Obviously stupidity aside, sometimes all the lab work and studies and tests in the world won't answer a question, and that's when I have to make the very uncomfortable decision of guessing.  At that point it is clearly an educated guess, but it's a guess all the same.

Such was the case with Raul (not his real name™) recently.

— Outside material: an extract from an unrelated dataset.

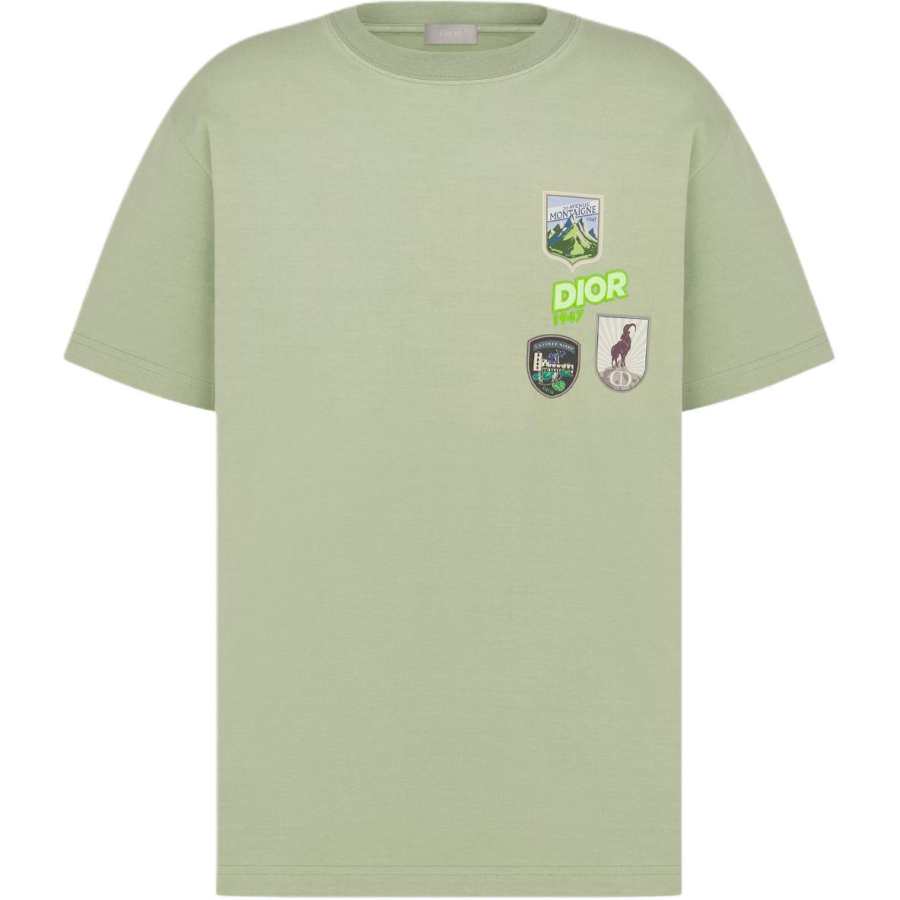 DIOR T Shirts Men's Green Crew Neck Moderate Straight Fit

Raul was around 70, very healthy for his age, and came to the hospital complaining of abdominal pain.  This is an incredibly common complaint, and there are entire textbooks devoted to delineating the cause and treatment of abdominal pain (no seriously, look it up).  The problem with Raul wasn't necessarily his pain, but where it was located - in the left upper abdomen.  This is a very unusual site for pain, because in all the other parts of the belly we usually at least have some idea about what's going on:
  • Right lower quadrant: appendicitis, right kidney, Girl Part Problems
  • Right upper quadrant: Gall bladder, liver
  • Epigastrium: foregut stuff (stomach, duodenum, esophagus), heart
  • Mid-abdomen: midgut stuff (small bowel)
  • Left lower quadrant: diverticulitis, left kidney, Girl Part Problems
There really isn't much that can cause pain in the left upper abdomen other than the spleen, and that's such a rare problem outside of trauma that we tend to ignore it.  But Raul kept pointing to his left upper abdomen, saying that it felt like a sharp pain, but mainly when he sat up.  He had no other complaints, no fevers, no nausea, and he was moving his bowels normally.  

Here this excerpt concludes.